He sat down on the edge of the bed. “This happens, sometimes,” was all he could think to say. From behind, she embraced him; he let himself be embraced.

The pair continued to date. He did, in fact, drop the creative writing course, as did she, but the young man held onto writing fiction – ‘as an outlet’, were the words to his Confessor, but the stories he produced tried for a sincerity not quite his own. Perspectives of starving migrants, transgender women dying from botched surgeries, housewives with husbands monotonous in their cruelty. He laboured especially over the trans woman story: in its final moments, as its protagonist died of a blood infection, she was comforted by the fact she was dying, at least, ‘as herself’. He sent the story to several student magazines, but none published it. Only the young woman seemed to appreciate his work. “Raw,” she called it. At such times, he outright disliked her.

The erectile dysfunction episode convinced the young man he needed to stay with her at least long enough to figure out what was wrong with him, how to fix it. But the sex never became more enjoyable: over the consequent months of their relationship it actually got worse, the act becoming so taxing he couldn’t even get hard without whole minutes of preliminary masturbation as the young woman stroked his chest in ever-more-stilted patterns. He wondered if his lie about his virginity wasn’t the cause. It was a secret kept too long to reveal now, but the young man wondered if he could cure himself by going home with another girl – or, pragmatically, hiring an escort – and telling her it was his first time. Perhaps what he’d missed was just this: the pitying benevolence of the ordinary woman, the smothered amusement of the professional. He would never follow up on this thought. Even after he’d devised a way to bring himself to climax with some regularity – he would close his eyes, as if in a transport of passion, and pretend he was masturbating – sex would end with him exhausted, sad, feeling as if something had been stolen from him.
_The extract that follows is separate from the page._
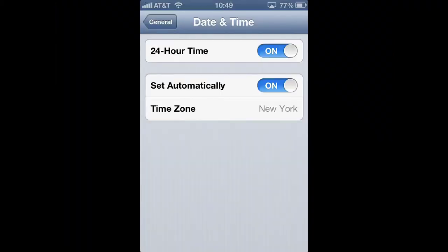To go back to the US standard 12-hour clock, simply toggle the same setting to Off.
The time afterwards was his only comfort: that stretched moment in the paired tides of their soft breath when both lost their sexes, ages, names. For that moment alone, he half-prostituted himself to her.

But the young woman was more perceptive than she let on. The piston-stiffness that came into his body whenever they coupled couldn’t be ignored. Even when he took a passive position – when she’d had an un-tiring shift at the bookstore and agreed to ride him – his body was tense with barely-smothered unhappiness, like a cat that never settled no matter how you petted it. One night, with him having again milked an orgasm from himself, now unwinding beside her in that long, still silence, she turned to him and spoke.
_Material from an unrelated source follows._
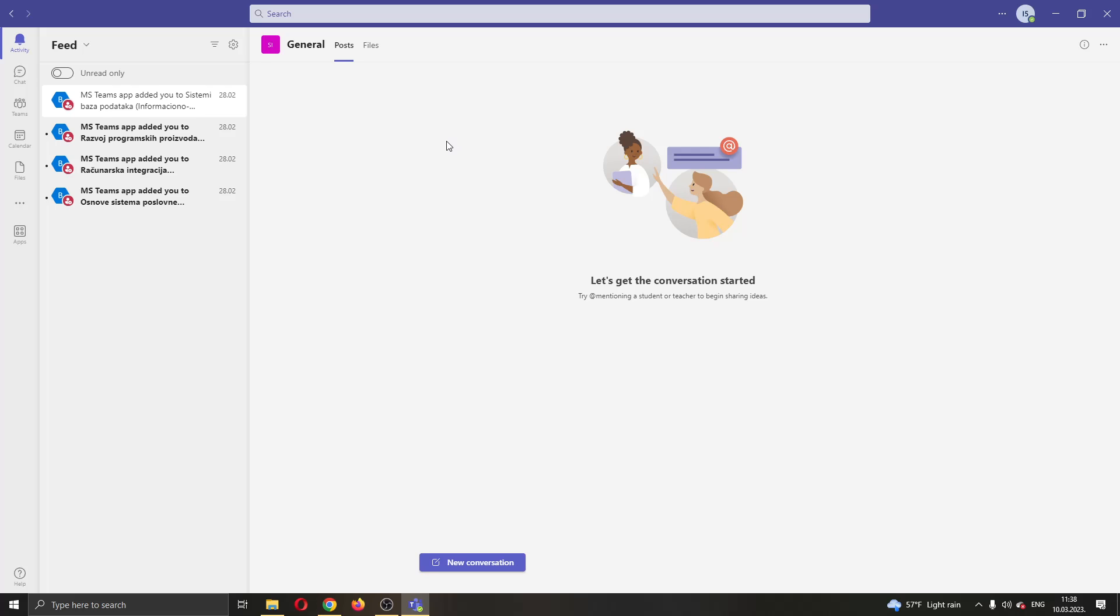The first thing you want to do is go ahead and open up the Microsoft Teams application if you haven't already. After opening up Microsoft Teams and logging into your account, you will be greeted by this main page right here, where at the left side of the screen you will have all the options that you can use for using Microsoft Teams, such as Activity, Your Chat, Teams and so on.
“Do you enjoy having sex with me?” she asked.

The young man had no answer. In truth, he hadn’t thought the young woman capable of such insight. He pretended to be asleep, expecting her to dismiss it. She did not. Helplessly, he counted in his head: if she went the next fifteen seconds still inclined toward him, or prodded him further, he’d tell her the truth.

At the count of eight, she said, instead, “I love you.”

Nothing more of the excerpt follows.